In the TPM 1.1 spec, the PCRs were reset when the TPM was reset, and software could write to them on a “first come, first served” basis. However, in the 1.2 spec, setting certain PCRs requires a new locality message. Locality 4 is only active in a special hardware mode. This special hardware mode corresponds in the PC architecture to the SENTER instruction.
Intel SMX (now “TXT”, formerly “LT”) adds a new instruction called SENTER. AMD has a similiar instruction called SKINIT. This instruction performs the following steps:
- Load a module into RAM (usually stored in the BIOS)
- Lock it into cache
- Verify its signature
- Hash the module into a PCR at locality 4
- Enable certain new chipset registers
- Begin executing it
This authenticated code (AC) module then hashes the OS boot loader into a PCR at locality 3, disables the special chipset registers, and continues the boot sequence. Each time the locality level is lowered, it can’t be raised again. This means the AC module can’t overwrite the locality 4 hash and the boot loader can’t overwrite the locality 3 hash.
Locality is implemented in hardware by the chipset using the new LPC firmware commands to encapsulate messages to the TPM. Version 1.1 chipsets will not send those commands. However, a man-in-the-middle device can be built with a simple microcontroller attached to the LPC bus. While more complex than a single wire, it’s well within range of modchip manufacturers.
This microcontroller would be attached to the clock, frame, and 4-bit address/data bus, 6 lines in total. While the LPC bus is idle, this device could drive the frame and A/D lines to insert a locality 4 “reset PCR” message. Malicious software could then load whatever value it wanted into the PCRs. No one has implemented this attack as far as I know, but it has been discussed numerous times.
“The commands that the trusted process sends to the TPM are the normal TPM commands with a modifier that indicates that the trusted process initiated the command… The assumption is that spoofing the modifier to the TPM requires more than just a simple hardware attack, but would require expertise and possibly special hardware.”
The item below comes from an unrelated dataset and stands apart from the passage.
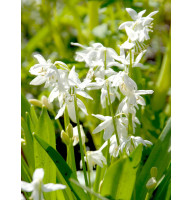 Пролеска Siberica Alba 7/8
— Proof of Locality (section 16)
This shows why drawing an arbitrary attack profile and excluding anything that is outside it often fails. Too often, the list of excluded attacks does not realistically match the value of the protected data or underestimates the cost to attackers.
In the designers’ defense, any effort to add tamper-resistance to a PC is likely to fall short. There are too many interfaces, chips, manufacturers, and use cases involved. In a closed environment like a set-top box, security can be designed to match the only intended use for the hardware. With a PC, legacy support is very important and no single party owns the platform, despite the desires of some companies.
It will be interesting to see how TCPA companies respond to the inevitable modchips, if at all.